> _DIRECTIONS_
The lines below from the one with "Karl Lagerfeld handgefertigte" up to and including the one with "Crewneck neck sweater" are what you should set down, exactly and without pictures.

> _INPUT DATA_
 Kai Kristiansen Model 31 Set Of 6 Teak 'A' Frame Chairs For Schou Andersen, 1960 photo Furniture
==
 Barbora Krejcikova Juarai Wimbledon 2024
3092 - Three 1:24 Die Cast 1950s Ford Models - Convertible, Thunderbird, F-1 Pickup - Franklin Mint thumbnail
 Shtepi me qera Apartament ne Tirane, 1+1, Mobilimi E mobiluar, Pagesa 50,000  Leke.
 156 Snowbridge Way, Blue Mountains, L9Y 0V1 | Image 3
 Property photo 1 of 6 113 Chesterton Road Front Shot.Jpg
==
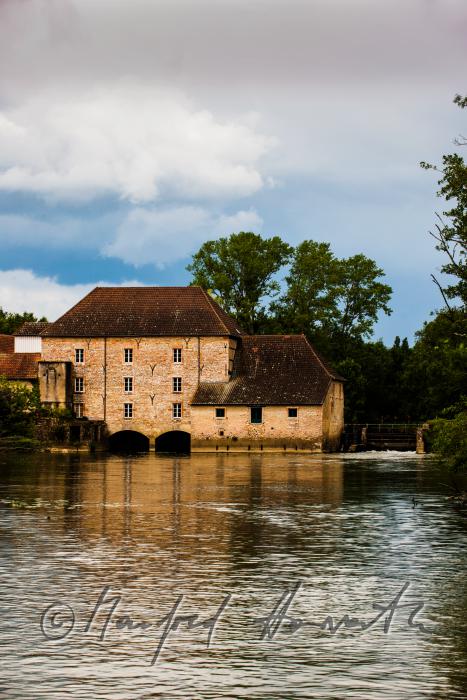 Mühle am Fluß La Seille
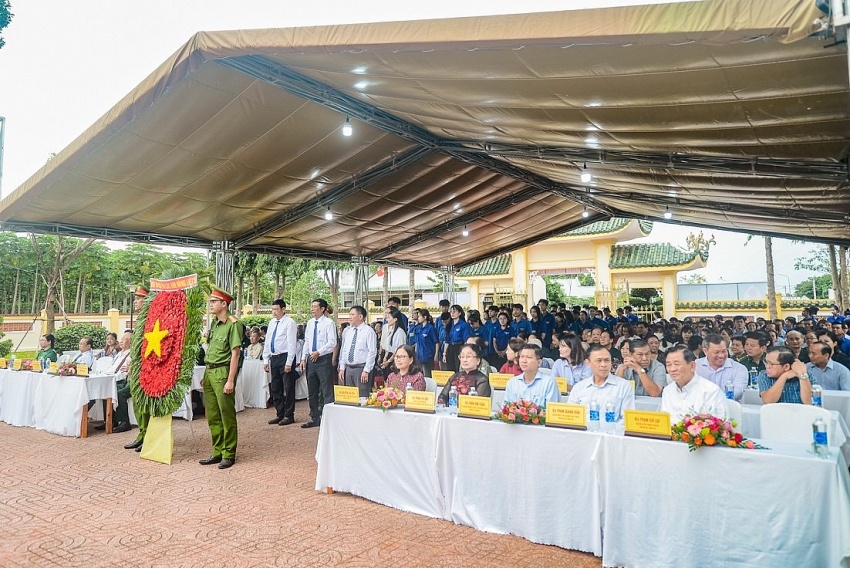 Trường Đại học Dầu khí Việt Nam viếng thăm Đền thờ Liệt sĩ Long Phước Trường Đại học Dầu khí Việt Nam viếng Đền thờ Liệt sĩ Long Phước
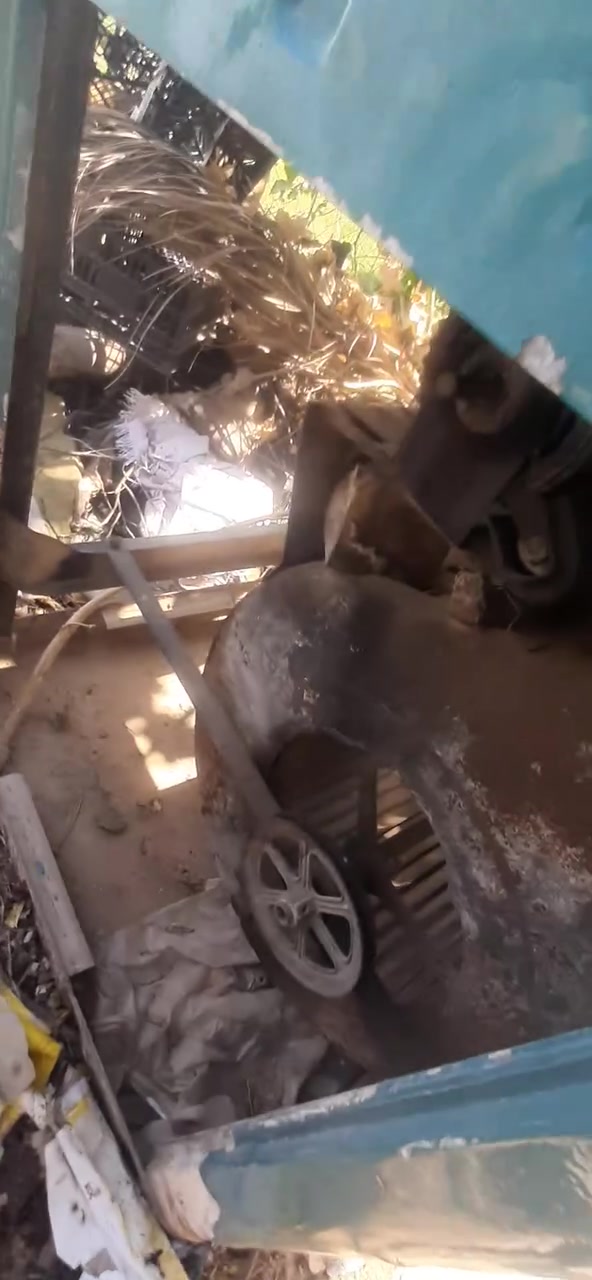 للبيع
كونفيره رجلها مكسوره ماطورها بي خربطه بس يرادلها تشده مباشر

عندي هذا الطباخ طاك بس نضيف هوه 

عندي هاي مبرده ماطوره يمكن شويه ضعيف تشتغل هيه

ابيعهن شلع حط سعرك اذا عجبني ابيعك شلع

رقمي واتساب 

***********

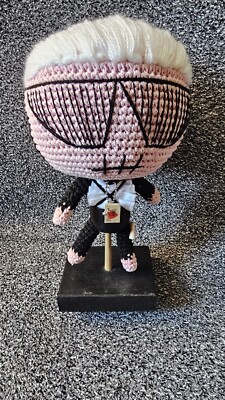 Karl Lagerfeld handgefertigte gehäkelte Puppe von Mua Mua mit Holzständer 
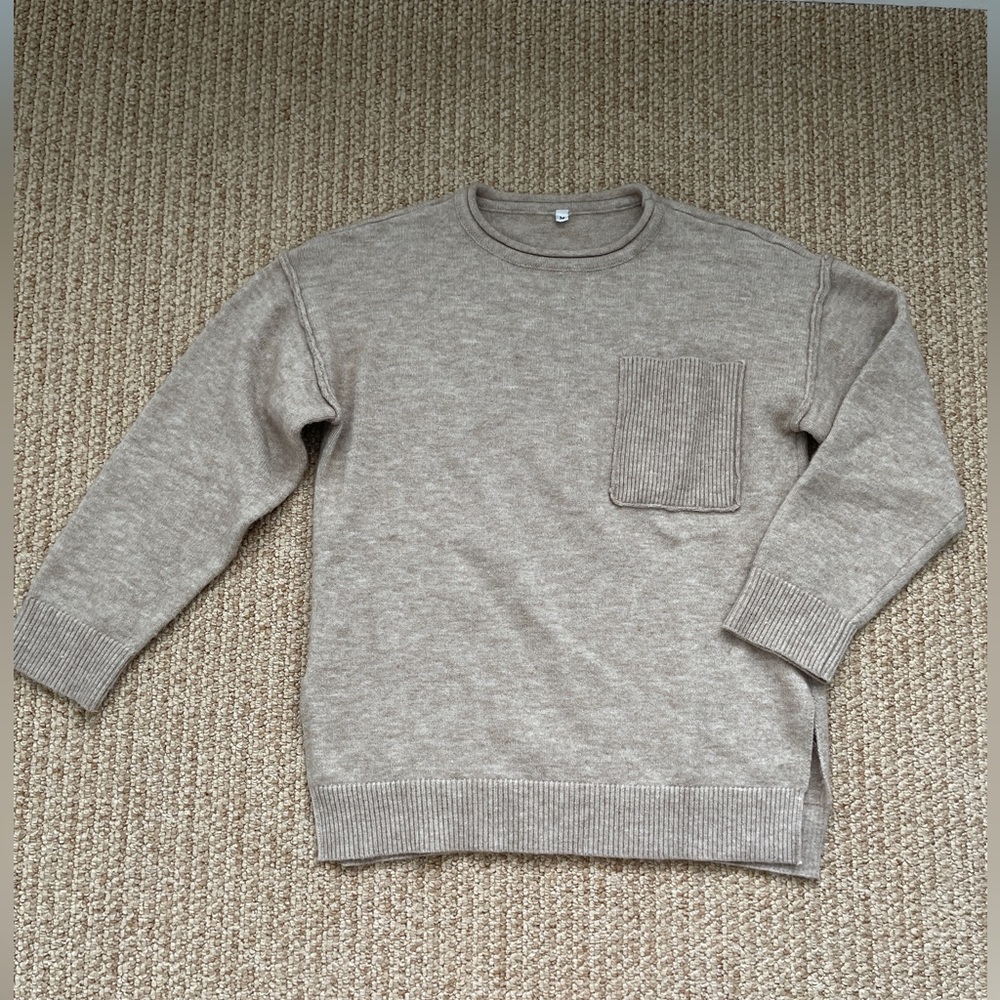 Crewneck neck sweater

> _TASK RESPONSE_
 Karl Lagerfeld handgefertigte gehäkelte Puppe von Mua Mua mit Holzständer 
 Crewneck neck sweater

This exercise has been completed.